Regional nine month results:
UK: revenues £547.1 million +24% - Operating profit £71.6 million + 84%
Canada: revenues c$463 + 30% - Operating profit c$110.4 +73%
USA: revenues $4.76 billion +17% - Operating profit $1.41 billion +28%
Third Quarter
Looking at the third quarter total revenues increased 23 percent to $2 billion, while rental income jumped 25 percent to $1.81 billion. Pre tax profit for the quarter was $393 million up 38 percent on the year.
Capital Expenditures
During the year the company made 19 bolt on acquisitions and invested $311 million in its share buy back programme. Capital expenditure for the nine months was $1.7 billion, 2.5 times last year’s levels of $672 million. The company is forecasting full year expenditure of around $2.5 billion. Next year it expects this to rise to $3.2 to $3.4 billion.
Net debt at the end of the period was $6.9 billion, up 17 percent on last year, but with a large portion refinanced at better rates and for longer secured terms.
Chief executive Brendan Horgan said: "The Group continues to perform strongly across its geographies with rental revenue up 21% in the nine months over the Covid affected prior year and 17% when compared with 2019/20, both at constant currency. This market outperformance across the business is only possible through the dedication of our team members who deliver for all our stakeholders every day, while ensuring our leading value of safety remains at the forefront of all we do.”
“Sunbelt 3.0 is embedded in the business, and we are making good progress across all actionable components. In the nine months, we invested $1.7bn in capital across existing locations and greenfields and $938m on 19 bolt-on acquisitions, adding a combined total of 81 locations in North America. This significant investment takes advantage of the ongoing structural growth opportunity that we continue to see in the business as we seek to deliver on our strategic priorities to grow general tool and amplify specialty, all achieved while remaining at the lower end of our target leverage range.”

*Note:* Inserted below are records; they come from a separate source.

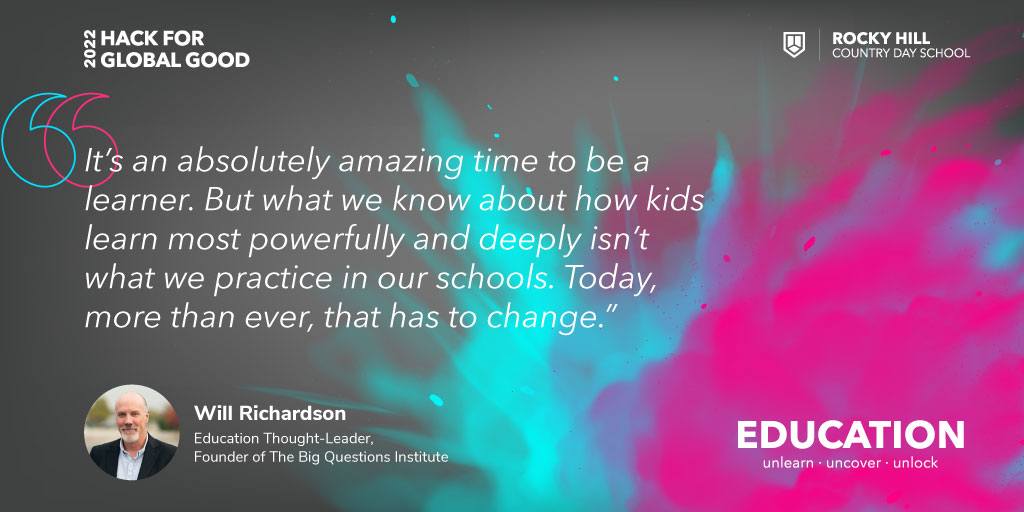 Hack for Global Good tweet media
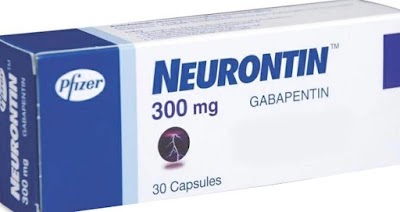 نيورونتين 300، نيورونتين 400 لعلاج نوبات الصرع وألم تلف الأعصاب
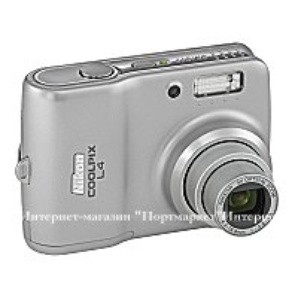 Цифровой фотоаппарат Nikon Coolpix L4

“We expect capital expenditure for the full year to be slightly ahead of our previous guidance at c.$2.5bn. Looking forward to 2022/23, our initial plans are for gross capital expenditure of $3.2 to 3.4bn, as we look to take advantage of strong market conditions, particularly in the US. This should enable low to mid-teens rental revenue growth in the US.”

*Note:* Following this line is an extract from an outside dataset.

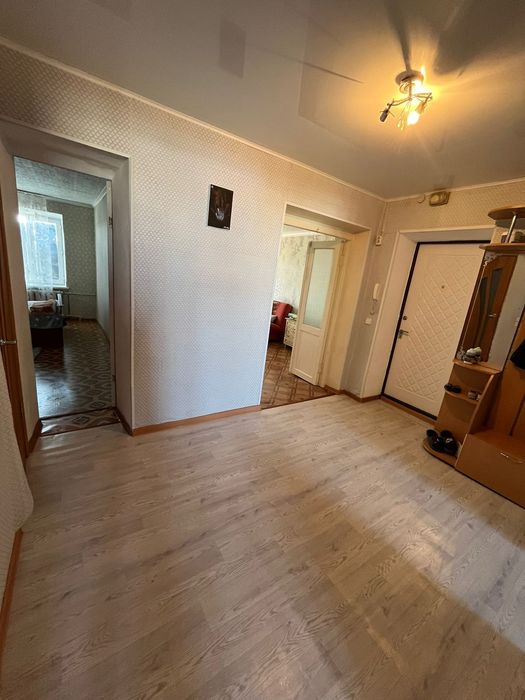 Продам 3х комнатную квартиру.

“Our business continues to perform strongly and is well positioned to manage and benefit from the unique market circumstances we face, including supply chain constraints, inflation and labour scarcity, which we believe to be drivers of ongoing structural change. We now expect full year results to be slightly ahead of our previous expectations and the Board looks to the future with confidence."
Vertikal Comment
Our comments on Ashtead’s results have so much sameness about them these past few years that it almost seems pointless to repeat them. The company goes from strength to strength maintaining substantial percentage growth, regardless of how big it becomes, all from organic growth and small acquisitions. It is set this year to reach revenues in the region of $7.5 billion or more confirming its position as the second largest equipment company in the world.
On top of this profitability is growing at an even more rapid pace, and with its plans to spend up to $3.4 billion on new equipment next year it looks as though it will continue to gain on market leader United Rentals.